Yegor Gaidar, the former Russian prime minister and a frequent critic of the Kremlin's current economic policy, himself predicted sustained growth in the Russian economic in the midterm. He told forum participants that Russia's economy will remain stable until 2010. He added, however, that the main challenge of the Russian economy -- its dependence on the world energy market -- remains unchanged. Some 84 percent of the Russian budget, he said, comes from the energy sector. Also, in distinct contrast to Ivanov, Gaidar spoke against the consolidation of state assets into superholdings, saying the state continues to own too much property. Gaidar said Russia's mounting demographic woes would present a further obstacle to the country's economic reforms.
With signed contracts reaching a record total of $13.5 billion, many Russian and foreign analysts view this year's forum as a success. Foreign investment for the first five months of 2007 reached $60 billion, a figure comparable with investment rates in China and higher than at any other point in Russia's post-Soviet history. (It's rumored that at least some of this investment is the funds of Russian oligarchs returning their capital home, fearful that rising tensions with the West will put their finances under unwelcome scrutiny abroad.)
Superstate In The Making?
In addition to being an economic success for Russia, the forum was also a political success for Ivanov, who in the eyes of the Russian elite now holds a clear lead over Medvedev. This conclusion was confirmed by a number of Russian pollsters and pundits, including Vitaly Tretyakov, editor in chief of the pro-Kremlin "Moskovskiye Novosti," who wrote that he personally could now go on vacation and put his political musings aside. Ivanov, he predicted, would be Russia's next president, Medvedev his prime minister, and a still-powerful Putin secretary of an upgraded Russian Security Council.

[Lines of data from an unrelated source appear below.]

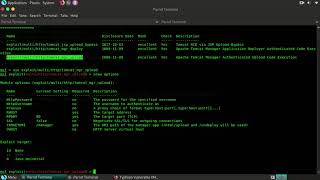 Apache Tomcat Manager Authenticated Upload Code Execution CVE-2009-3548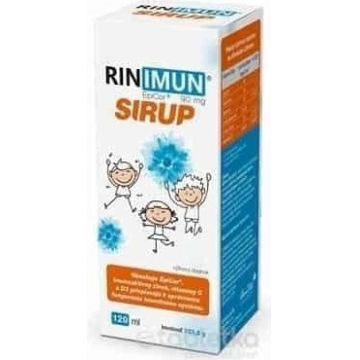 RINIMUN SIRUP 1×120 ml, supliment alimentar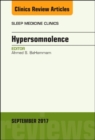 Image for Hypersomnolence, An Issue of Sleep Medicine Clinics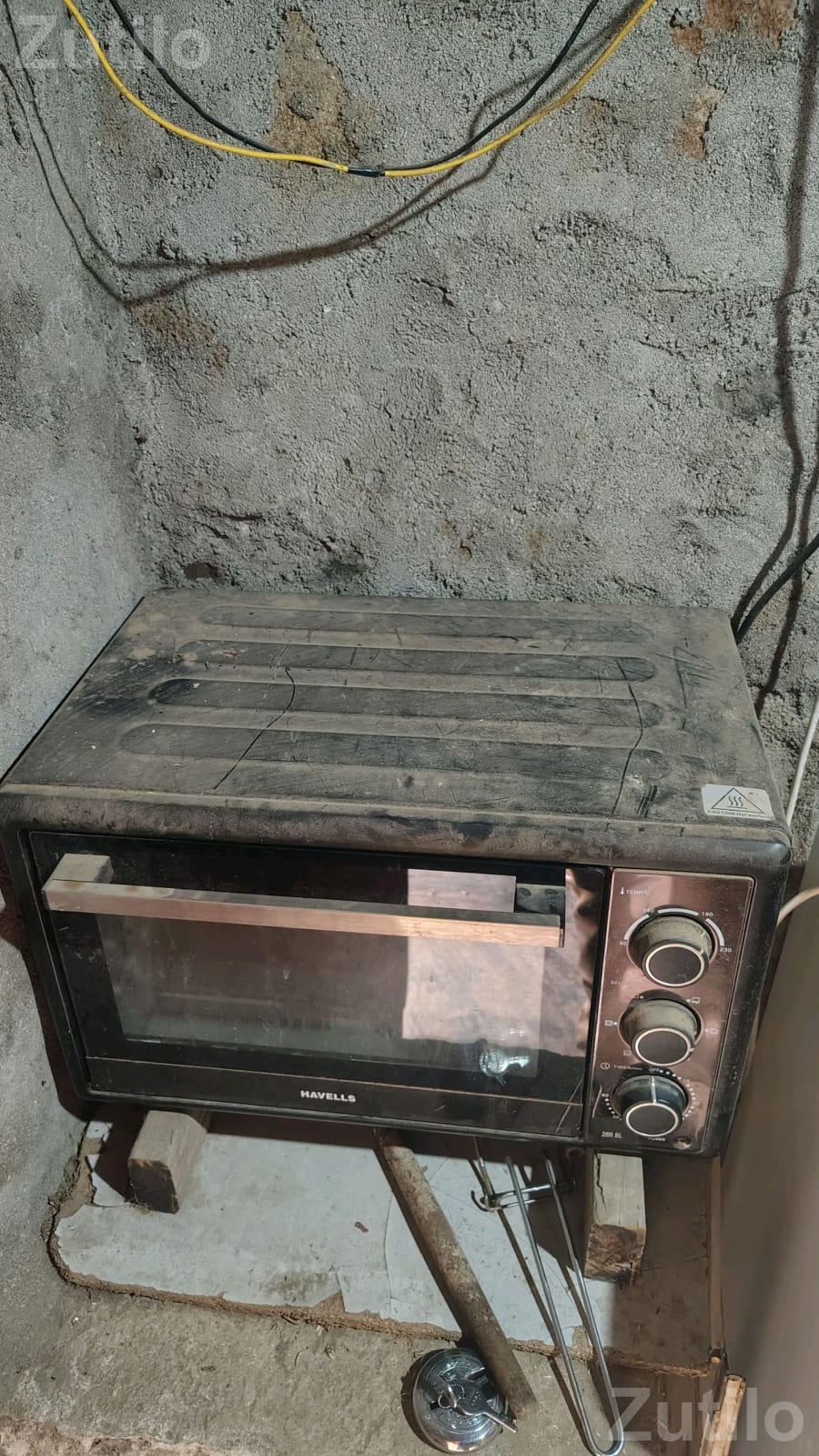 Havells OTG Oven in Working Condition Havells OTG Oven in Working Condition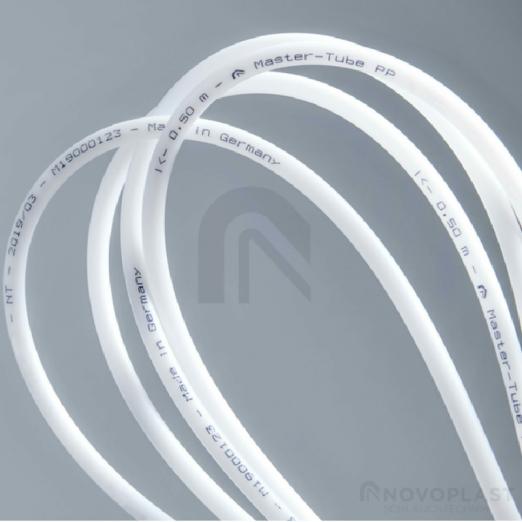 Tuyau polypropylène pour la chimie et alimentaire Master-Tube PP - MASTERFLEX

Not everyone in Russia, however, is pleased by the prospect of another KGB veteran serving as their next president. Combined with Ivanov's vision of a muscular hi-tech destiny, some may see Russia's future in the terms first described by fiction writer Maksim Kalashnikov in his 2003 book, "Forward To USSR-2", which envisions an unrealized plan for Soviet reform attributed to then-KGB head Yury Andropov.
"In 1980, the United States had a nightmare in which it saw the transformation of the USSR, a country with a clumsy socialist economy, into a smart, aggressive, and strong-willed 'Red Star' supercorporation," Kalashnikov wrote.
Is Sergei Ivanov the man who will finally make this vision a reality?
Russia's Contentious WTO Bid
WILL RUSSIA GET ITS WISH?
"It is of the utmost importance for us to complete talks this year in order to take part in a new political cycle with the status of a WTO member" -- Russian Economic Development and Trade Minister German Gref; April, 2007.
Russia has made clear its desire to enter the World Trade Organization ahead of parliamentary elections in December and presidential vote in March 2008.
But despite the removal of a major obstacle when the United States signed off on bilateral negotiations with Moscow in November 2006, Russia's accession to the world's largest trading bloc still faces difficulties:
Although Russia and Georgia initially completed bilateral negotiations in 2004, Georgia rescinded its approval over Moscow's failure to establish customs controls between Russia and the Georgian breakaway republics of Abkhazia and South Ossetia.
U.S. Trade Representative Susan Schwab announced in April that Washington is not yet prepared rescind the Jackson-Vanik amendment. The Cold War-era legislation, adopted in response to Soviet restrictions on the emigration of Jews and other minorities, prevents normal trade relations with Russia.
Russian First Deputy Prime Minister Sergei Ivanov in April was quoted by ITAR-TASS as saying: "If there are requirements that have not been not applied to other countries joining the WTO, we should not follow them."
Moscow may have to conduct bilateral with Kyiv in the event Ukraine joins the WTO before Russia does.